CHINA's household gold demand fell by weight but rose by value to a near-record in 2019, according to data released Tuesday and analyzed by BullionVault.
Reporting its full-year estimates in Beijing this morning, the China Gold Association said household gold buying fell 13.7% to 902 tonnes of fine bullion, the lowest weight since 2012 according to previous data released by the officially-mandated trade body.
World No.1 since
overtaking historic giant India in 2013, that would put last year's private Chinese household gold demand 50 tonnes below its average over the last decade according to separate data compiled for the mining industry's World Gold Council by independent analysts Metals Focus.
In cash terms, however – and judging each calendar quarter's figures against average Chinese Yuan prices – consumers actually raised their spending on gold in 2019, up 4.4% to the largest-ever total in Yuan terms outside of 2013's all-time high, when
gold's steepest price drop in three decades unleashed record demand.
Today's CGA figures show that, by weight, the last 3 months of 2019 saw the weakest fourth-quarter demand – typically a strong period ahead of Chinese New Year – since 2016.

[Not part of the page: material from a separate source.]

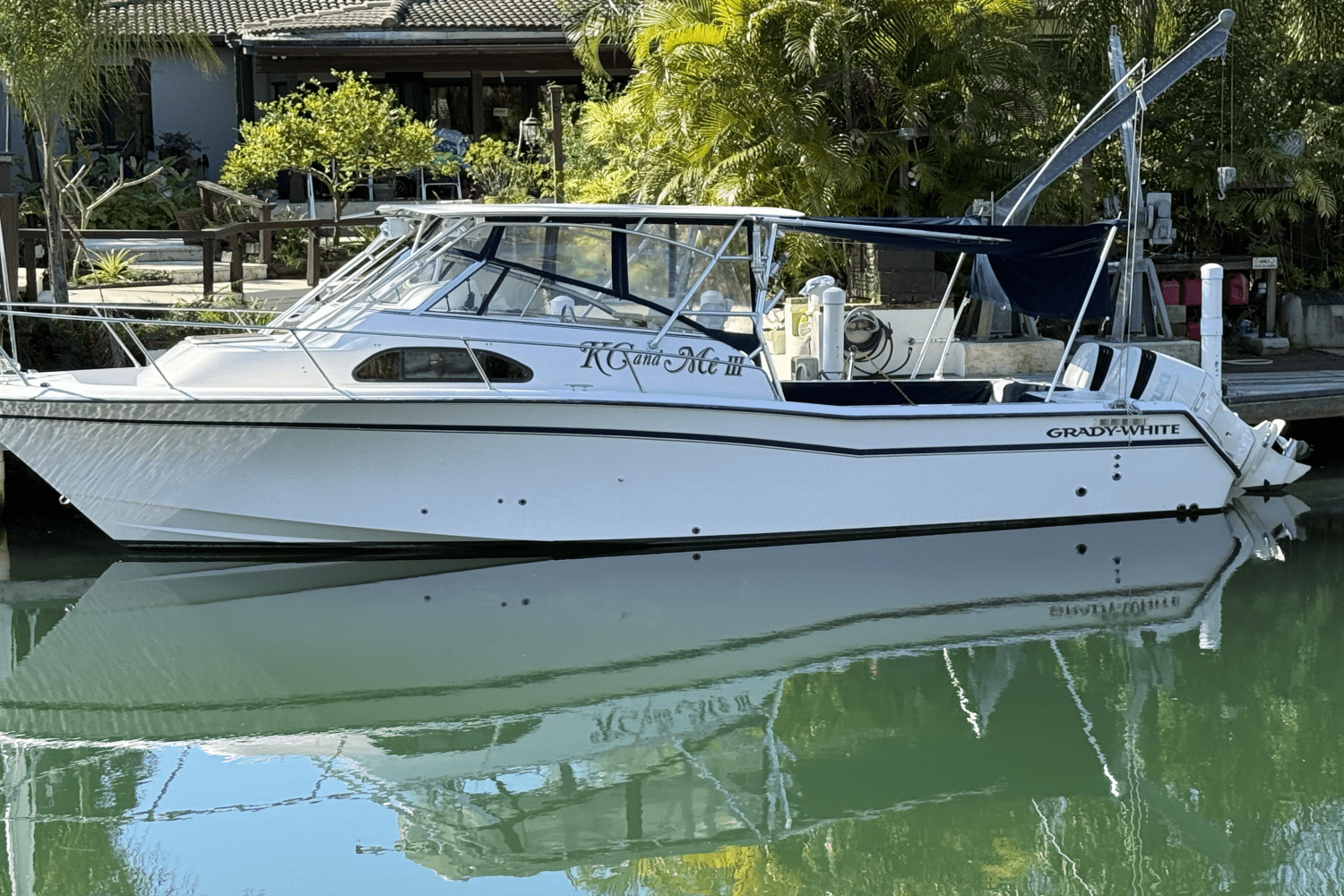 Slide: The Image of Grady-White Marlin 300 2001 - 1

But again, those data mean that China's Q4 household gold spending grew as prices rose sharply, setting the largest-ever quarterly value in Chinese Yuan outside the peaks of 2013, when gold's historic price crash unleashed the heaviest household gold purchasing on record.
"Affected by factors such as increasing downward pressure on the economy," says the China Gold Association's press release, "domestic gold consumption was weak in 2019, especially as the price of gold continued to climb in the second half of the year."

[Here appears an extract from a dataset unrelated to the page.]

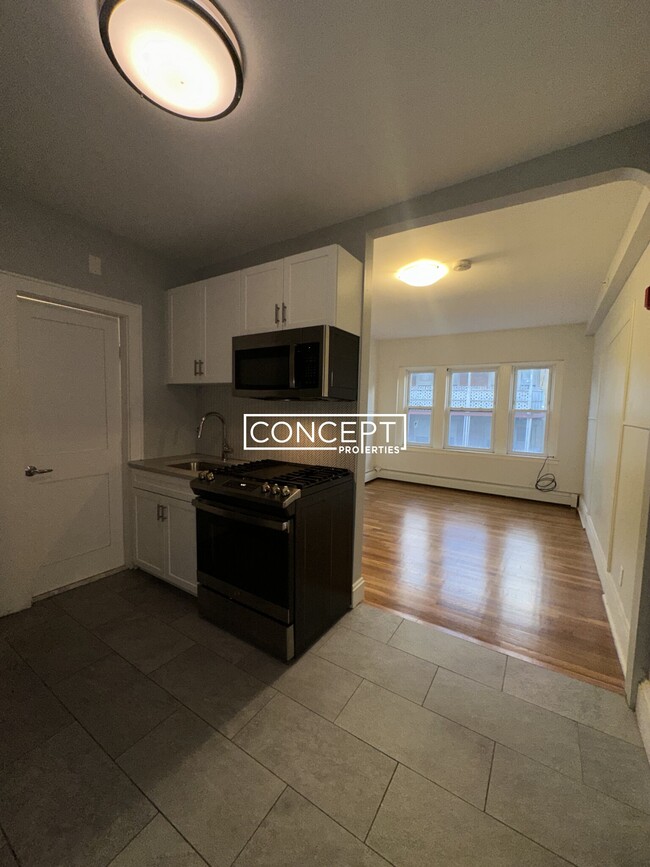 Photo - 233 Lafayette St Unit 10-CP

Looking at household demand to buy gold by weight, jewelry consumption "declined significantly" the CGA says, snapping the prior two years' uptrend.
"The gold jewelry processing industry continues to reduce inventory,"

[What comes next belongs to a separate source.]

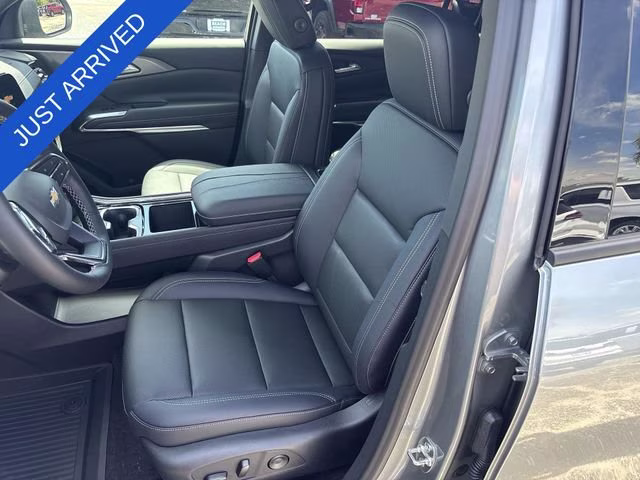 2026 Sterling Gray Metallic Chevrolet Traverse LT FWD SUV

today's news goes on. "The high price of gold has [also] led investors in physical gold to be cautious," with their 'wait and see' attitude in 2019 means that sales of gold bullion investment bars "also fell sharply".
Looked ahead, "Muted physical support from India and China as higher prices in local terms defer purchases" could act as a drag on gold's 2020 gains for US Dollar and other Western investors, said a note earlier this month from Canadian bullion bank Scotia, noting how gold prices have recently set new record highs in Rupee terms and 7-year highs versus the Chinese Yuan.
Given gold's recent price surge, "Large dishoarding from [those] traditional physical gold countries" could also add to global supplies,
says Scotiabank, as existing household owners of jewelry or investment products sell to take profit.
But driving 2019's strong price gains worldwide, the China Gold Association says, central banks "continue to increase their gold reserves" as a group overall, led by Russia and China and
encouraged to buy gold by "the context of increasing global economic and trade frictions, increasing downward pressure on the world's major economies, intensifying global monetary easing, and intensifying geopolitical crises."
"At the same time," says the CGA, "the gold market has also attracted the attention of more and more investment institutions," with trading volumes on the Shanghai Gold Exchange rising 15.7% by value in 2019 while the value of gold derivatives traded on the Shanghai Futures Exchange jumped by 238.9%.